Tesla approach to self-driving is harder but might be only way to scale - hunglee2
https://electrek.co/2020/06/18/tesla-approach-self-driving-harder-only-way-to-scale/
======
imheretolearn
> Waymo and many others in the industry use high-definition maps. You have to
> first drive some car that pre-maps the environment, you have to have lidar
> with centimeter-level accuracy, and you are on rails. You know exactly how
> you are going to turn in an intersection, you know exactly which traffic
> lights are relevant to you, you where they are positioned and everything. We
> do not make these assumptions. For us, every single intersection we come up
> to, we see it for the first time. Everything has to be sold — just like what
> a human would do in the same situation.
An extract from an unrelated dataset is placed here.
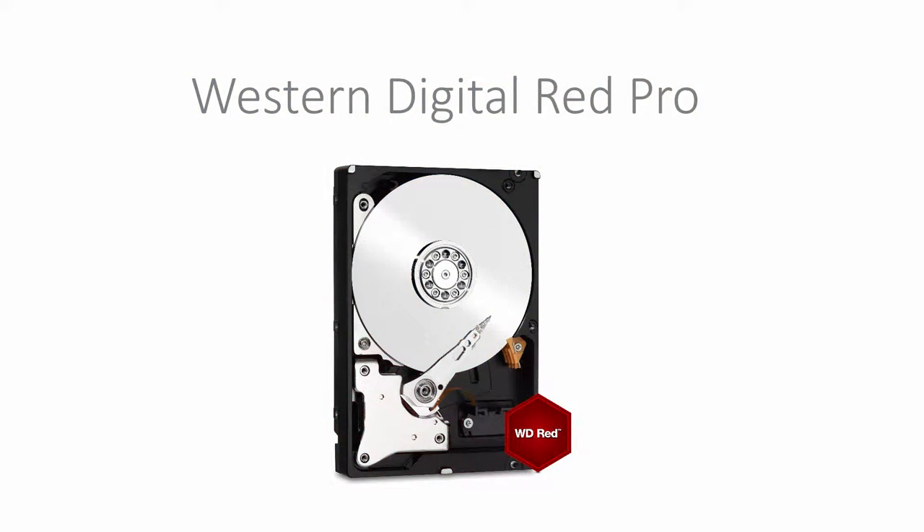For mass storage we've gone with two Western Digital REDs. We've gone with their 4TB drives that spin at 7200rpm and have 64MB of cache. These drives cost $718 for the pair.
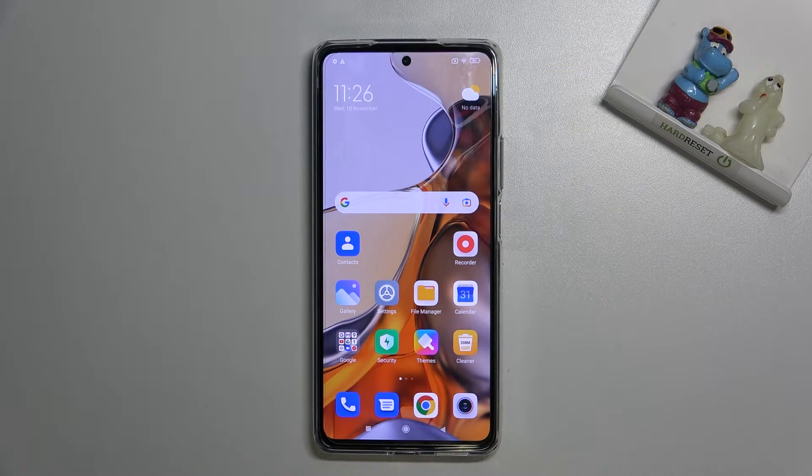Welcome. I've got the Xiaomi 11T Pro and let me show you how to allow the camera app to scan QR codes on this device.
This seems like the right approach to me given the accuracy, or lack there of,
of LIDAR. However, I do not like Tesla's approach to test/experiment with
Autopilot in production ie deploying it in real world environments and
expecting that _humans_ will responsibly use the technology. It is analogous
to fixing a software design flaw by "convention" where you expect your clients
to understand the convention when they are using your code as opposed to
fixing the design flaw in software itself. Unlike software crashes on a
desktop, a bug/irresponsible use of Autopilot is literally the difference
between life and death.

> Tesla has the giant advantage of collecting a ton of data from hundreds of
> thousands of cars, but he describes finding the right data as finding a
> needle in a haystack.

> When Tesla owners drive around and see a stop sign blocked by foliage, they
> make a voice command that sends the data to Tesla and you gather points

As long as the data is anonymized, this doesn't seem like an issue. Given how
many of Tesla's vehicles have been hacked into, I wouldn't feel comfortable
handing over that much data to Tesla or _any_ other company.